As most of you remember from your history lessons, there was a time when people actually thought that the world was flat. When Europeans went to India and the Orient, they would take ships around Africa and sail on the Indian Ocean or take the Silk Road across Asia. Either way was a long journey.
In 1485, Christopher Columbus spoke with King John II of Portugal about crossing the Atlantic to reach the Orient. He would keep trying for the next 3 years but was unsuccessful when another explorer said going around the Cape of Good Hope was better. He spoke to other dignitaries in Genoa, Venice and England and had no luck.
Another nation that Columbus tried to convince was Spain. Starting in 1486, he would speak about the trade winds from the Canary Islands making it quicker to cross the Atlantic and estimated that it was around 2,400 miles to the Orient going west. Originally, Spain did not believe you could cross the Atlantic and definitely didn’t think the Orient was that close. It wouldn’t be until 1492 that King Ferdinand and Queen Isabella would supply him with what he would need to cross the Atlantic.
On August 3, 1492, Columbus would leave with his crew, supplies and ships heading westward. He would initially go to the Canary Islands, leaving there on September 6th. Now he would ventured unknown territory for the next 5 weeks until October 12th when land was spotted in modern day Bahamas. It’s not the Orient, but a new land. This would be the beginning of Europeans discovering the Americas. Of course, the Vikings discovered North America 4 centuries earlier, but this was a major time of exploration, especially by the Spanish, French, Dutch and British.
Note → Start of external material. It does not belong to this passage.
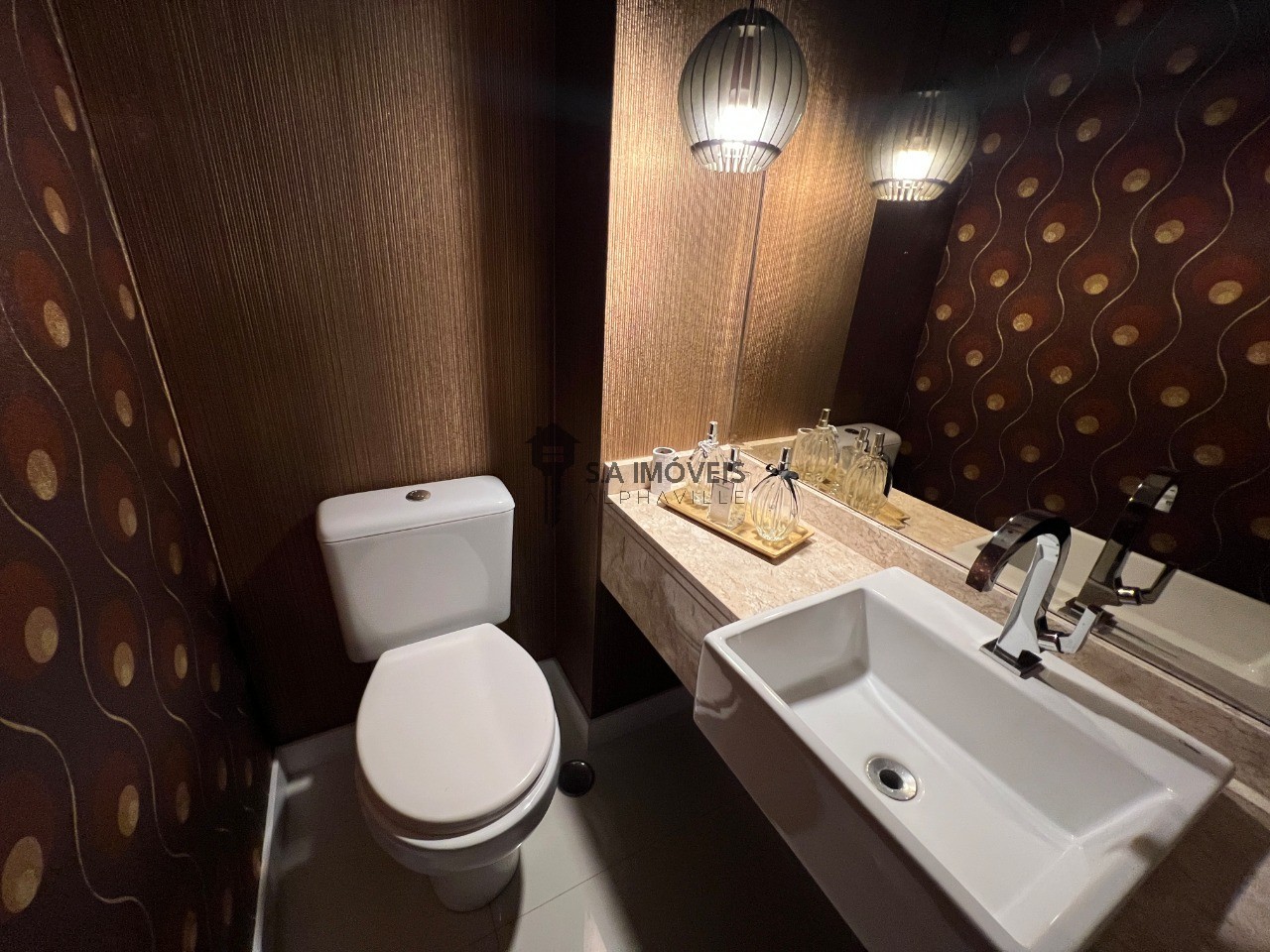 Apartamento para locação em Alphaville Empresarial, 126 m² – Barueri – Cód. 79059790 — imagem 24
On May 1, 1893, Chicago hosted the Columbian Exposition to commemorate the 400th Anniversary of Columbus’s first voyage to the New World in 1492. Along with the Exposition, the US mint for the first time produce a commemorative coin. They would mint 5,000,000 Columbian Half Dollars between 1892 and 1893, but with demand being low, they would end up melting half of them. As well as being the first US Commemorative minted, it was the first US coin to display an actual person. Christopher Columbus would appear on the obverse and a ship and two globes appear on the reverse. In 1893, another Commemorative was made for the Exposition. Instead of a half dollar, it would be a quarter depicting Queen Isabella. This time, the mint would only produce 25,000 quarters making it a rare commemorative. An low end uncirculated quarter is worth around $500. There were also stamps produced for the exposition.
Columbus Day became a national holiday in 1937, though four states do not celebrate it. Originally, the holiday would on October 12th, but starting in 1970, it would be celebrated on the second Monday in October. On the 500th Anniversary in 1992, Berkeley, CA would instead celebrate Indigenous People’s Day. Since then, other cities in the US would replace Columbus Day with a Native American holiday. There has been controversy about Christopher Columbus in past few decades. Being born in Italy, many Italian Americans praise Columbus. In fact, in my community, there is a Columbus Day Parade. 1992 saw the largest parade so far. On the other side are the American Indians who considered Columbus a tyrant and slave owner of the locals.
Whether you are celebrating Columbus’s first discovery of America, or you celebrating the heroic efforts of the Native Americans, I wish you a great day!